Robert McNamara memorably describes this predicament in the extraordinary set of interviews conducted by the documentarian Errol Morris and released as a film under a most Clausewitzian title, The Fog of War (2003). Before serving as secretary of defense under Presidents Kennedy and Johnson, McNamara had been an advisor during the war in the Pacific to General Curtis LeMay, who was responsible for the firebombing of sixty-seven cities of Imperial Japan, a campaign that culminated in the dropping of the two atomic bombs. On the night of March 9–10, 1945, alone, one hundred thousand civilians perished in Tokyo, burned to death. McNamara approvingly reports LeMay’s stunningly lucid verdict: “If we’d lost the war, we’d all have been prosecuted as war criminals.” Another possible reply is that consequentialist morality served in this instance only as a convenient pretext. A revisionist school of American historians led by Gar Alperovitz has pleaded this case with great conviction, arguing that in July 1945, Japan was on the point of capitulation. Two conditions would have had to be satisfied in order to obtain immediate surrender: first, that President Truman agree to an immediate declaration of war on Japan by the Soviet Union, and second, that Japanese surrender be accompanied by an American promise that the emperor would be allowed to continue to sit on his throne. Truman refused both conditions at the conference at Potsdam, a few days after July 16, 1945. On that day, the president received “good news.” The bomb was ready— as the successful test at Alamogordo had brilliantly demonstrated.
Alperovitz concludes that Truman sought to steal a march on the Soviets before they were prepared to intervene militarily in the Japanese archipelago. The Americans played the nuclear card, in other words, not to force Japan to surrender but to impress the Russians. In that case, the Cold War had been launched on the strength of an ethical abomination and the Japanese reduced to the level of guinea pigs, since the bomb was not in fact necessary to obtain the surrender. Other historians reckon that whether or not necessary, it was not a sufficient condition of obtaining a surrender.

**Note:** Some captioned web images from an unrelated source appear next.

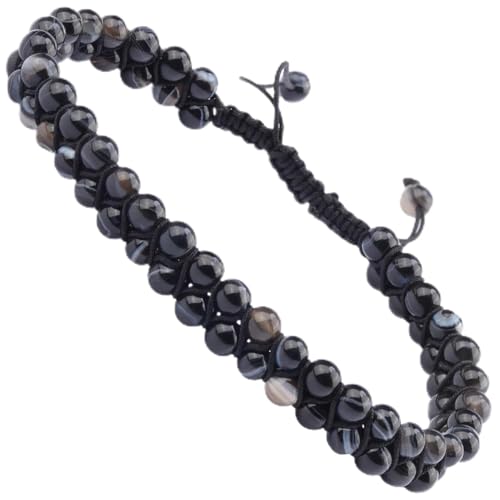 MASSIVE BEADS Double Layer Natural Chakra Healing Power Crystals Macrame Bracelet Yoga Stone Beads Gemstone Meditation Relax Anxiety Bangle for Unisex Women Men - color: Evil Eye Agate, size: 4mm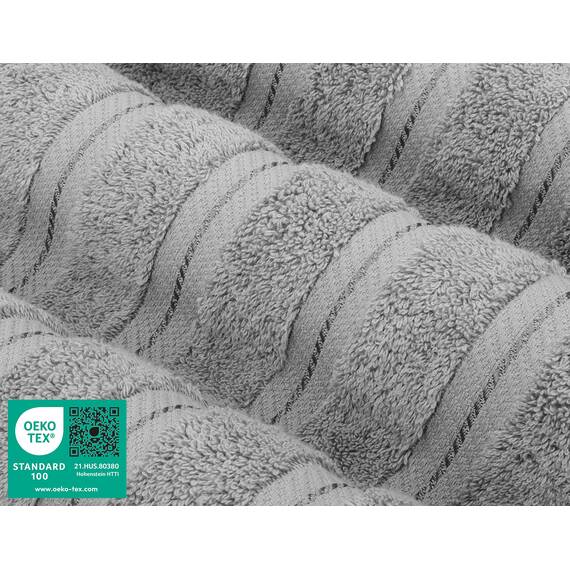 American Soft Linen Luxus-Handtuch-Set für Badezimmer und Küche - 4-teilig, 100% Baumwolle, Türkisch, 600 g/m², Hellgrau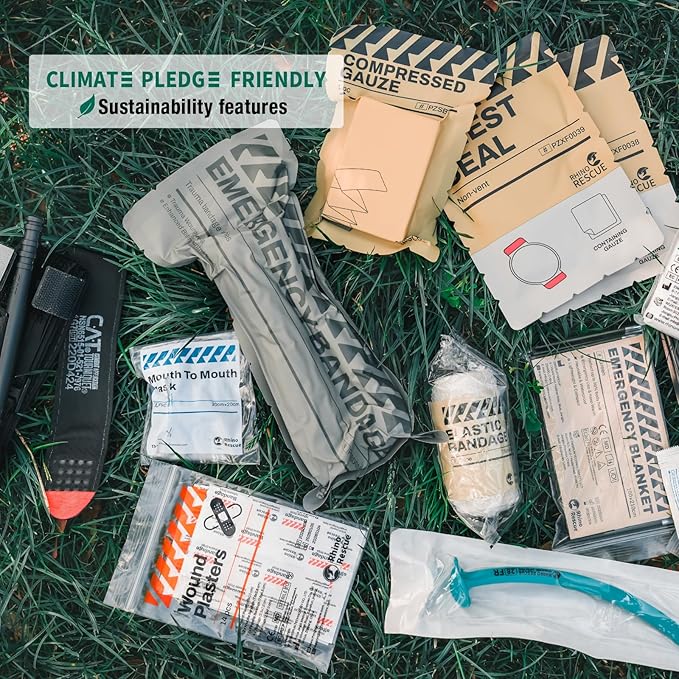 RHINO RESCUE IFAK Trauma Kit with C-A-T Tourniquet, Tactical First Aid Kit Molle Pouch for Military, Combat, Car, Camping, Hiking, Travel (Black)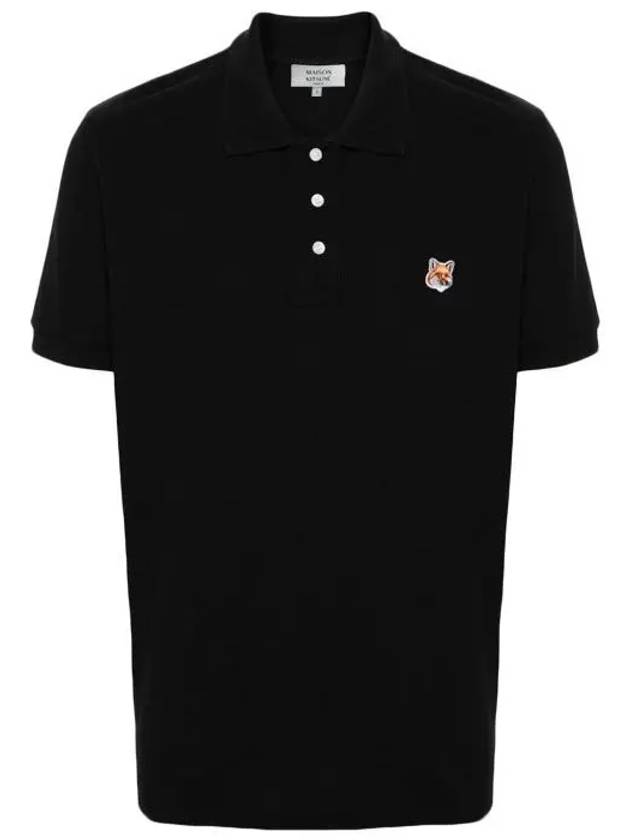 Fox Head Patch Cotton Polo Shirt Black - MAISON KITSUNE - BALAAN 4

The historian Barton J. Bernstein has proposed a “new synthesis” that departs from both the official and the revisionist accounts. The day after Nagasaki, the war minister, General Korechika Anami, and the vice chief of the Naval General Staff, Admiral Takijiro Ōnishi, urged the emperor to authorize a “special attack [kamikaze] effort,” even though this would mean putting as many as twenty million Japanese lives at risk, by their own estimate, in the cause of ultimate victory. In that case, two bombs would not suffice. So convinced were the Americans of the need to detonate a third device, Bernstein says, that the announcement of surrender on August 14—apparently the result of chance and of reversals of alliance at the highest level of the Japanese government, still poorly understood by historians—came as an utter surprise. But Bernstein takes the argument a step further. Of the six options available to the Americans to force the Japanese to surrender without an invasion of the archipelago, five had been rather cursorily analyzed, singly and in combination, and then rejected by Truman and his advisors: continuation of the conventional bombing campaign, supplemented by a naval blockade; unofficial negotiations with the enemy; modification of the terms of surrender, including a guarantee that the emperor system would be preserved; awaiting Russian entry into the war; and a noncombat demonstration of the atomic bomb. As for the sixth option, the military use of the bomb, it was never discussed—not even for a moment: it was simply taken for granted. The bombing of Hiroshima and Nagasaki followed from the bomb’s very existence. From the ethical point of view, Bernstein’s findings are still more terrible than those of Alperovitz: dropping the atomic bomb, perhaps the gravest decision ever taken in modern history, was not something that had actually been decided.
These revisionist interpretations do not exhaust the questions that need to be asked. There are at least two more. First, how are we to make sense of the bombing of Hiroshima—and, more troubling still, of Nagasaki, which is to say the monstrously absurd determination to persist in infamy? Second, how could the consequentialist veneer of the official justification for these acts—that they were extremely regrettable, but a moral necessity just the same—have been accepted as a lawful pretext when it should have been seen instead as the most execrable and appalling excuse imaginable?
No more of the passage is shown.